# Forum Home Renovation Brickwork  Stacker Stone

## oohsam

Hey all, 
Im looking at putting stacker stone on my portico, as per nearly every display home in australia! 
I think it looks superb. Does anyone have any information how to attach it to brickwork, and how to cut it...
Also, it seems very very expensive....anyone purchased it for a bargain price that you could refer me too. 
Cheers. 
(im in melbourne)

----------


## Matto-FNQ

Oohsam, 
I'm about as far from an expert on this as you can get, BUT... 
We had stackstone attached to our new office here when the building was renovated. I was involved in making sure everything was going to plan, so had a chance to get talking with the tiler who was putting the stackstone up. I believe he was just using Liquid Nails (or whatever the commercial equivalent is) to stick the stone tiles onto blueboard. There were millions of the little blue plastic spacers - like mini golf tees - between the tiles to keep them spaced evenly apart - asme as how you see any tiler laying tiles. To cut, he had what I would call a tile cutting saw, which he could set on a 45-degree angle to mitre the edges around corners, etc.  
He did a very good job, and I agree - it looks fantastic. We have a dark stone here, but over the weekend I saw a feature wall with the white coloured stone and it looked even better, at the cost of requiring more maintainence/washing/etc. Where the stone goes around a corner, he's actually mitred the same piece on both sides, so the stone protrusions line up perfectly - hard to explain but it took him a long time and looks a million bucks. Unfortunately a few of the tiles on the carpark wall have since come off - but that may be more to do with the locals prying them off overnight for something to do, as opposed to a failure of the liquid nails.  
When the job was finished, we were supposed to get the stackstone "sealed", via something that was sprayed onto the wall. For whatever reason, this never happened. Now, in places the walls have what looks like rust stains on them - I'm guessing that this is exactly what it is, caused by metal deposits in the stone. It's not amazingly pretty, but it actually makes it look more like a proper rock wall, in my opinion. I can see how if it happened on your house at home though you might be less than impressed though. So make sure you investigate whether or not you need to seal it after getting it installed. 
I was speaking to the building owner here last week, and he's planning some further renovations, and is pulling his hair out at the cost of the additional stackstone he requires. So I think that it'll be pretty dear whichever way you go, unfortunately. I don't know where he got his supply from, other than it was a special order from overseas somewhere, and they went through about 5 pallet-loads of the stuff. 
Good luck!
Matto  :Smilie:

----------


## raff

Gday, 
Try TJ imports on Springvale road http://www.tjimports.com.au/- various colours and styles and I paid around $65 sqm. 
The most common technique to install the stackstone is basically the same as tiling a wall. Use an outdoor tile adhesive and knotched trowel.

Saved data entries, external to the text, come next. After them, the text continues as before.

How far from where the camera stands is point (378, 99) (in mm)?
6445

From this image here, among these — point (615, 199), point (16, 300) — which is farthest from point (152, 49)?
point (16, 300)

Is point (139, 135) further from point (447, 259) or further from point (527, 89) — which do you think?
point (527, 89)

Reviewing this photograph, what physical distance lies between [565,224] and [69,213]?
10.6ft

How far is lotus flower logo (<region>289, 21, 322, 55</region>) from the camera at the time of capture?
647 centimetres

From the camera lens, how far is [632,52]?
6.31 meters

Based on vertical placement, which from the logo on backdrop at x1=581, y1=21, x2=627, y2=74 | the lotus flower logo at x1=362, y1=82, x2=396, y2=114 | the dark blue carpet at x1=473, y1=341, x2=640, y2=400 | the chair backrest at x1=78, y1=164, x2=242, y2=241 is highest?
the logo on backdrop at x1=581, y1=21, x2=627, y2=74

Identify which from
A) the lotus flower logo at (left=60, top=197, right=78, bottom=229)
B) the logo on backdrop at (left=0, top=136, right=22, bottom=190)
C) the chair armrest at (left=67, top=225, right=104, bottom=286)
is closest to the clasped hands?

Fairly simple job- the corners can be a hassle- you can buy pre made corners (can be costly) or you can mitre them yourself but would require a decent brick/tile cutter for a largish job. As indicated above for a neat job, mitre to same tile to line up the corners.  
The stackstone is heavy and should only be attached to brick (or concrete) walls and never to tall studded walls, even hardie has a disclaimer states blueboard is not designed to take the weight of stackstone. (weighs around 40kg sqm from memory) 
I did a rear retaining wall at the back of my house and a large spillover water feature which came up well. Fairly quick process one you get the levels sorted and mitres cut. The tiles are generally 500x100mm and butt together horizonatlly and 'stacked' in a stagger fashion as you would build a brick wall.  
Goodluck! :Biggrin:

----------


## Planned LScape

Yes do your shopping before buying, resellers will add their cut and it costs a heap more. Retail is usually around the $100-120m² range, but you can go straight to the wholsesalers to get it cheaper. 
I have used either a construction adhesive (ie liquid nails or similar) or a supplied bag of tile adhesive (forget the name) that is mixed with water and has high wall holding properties.

----------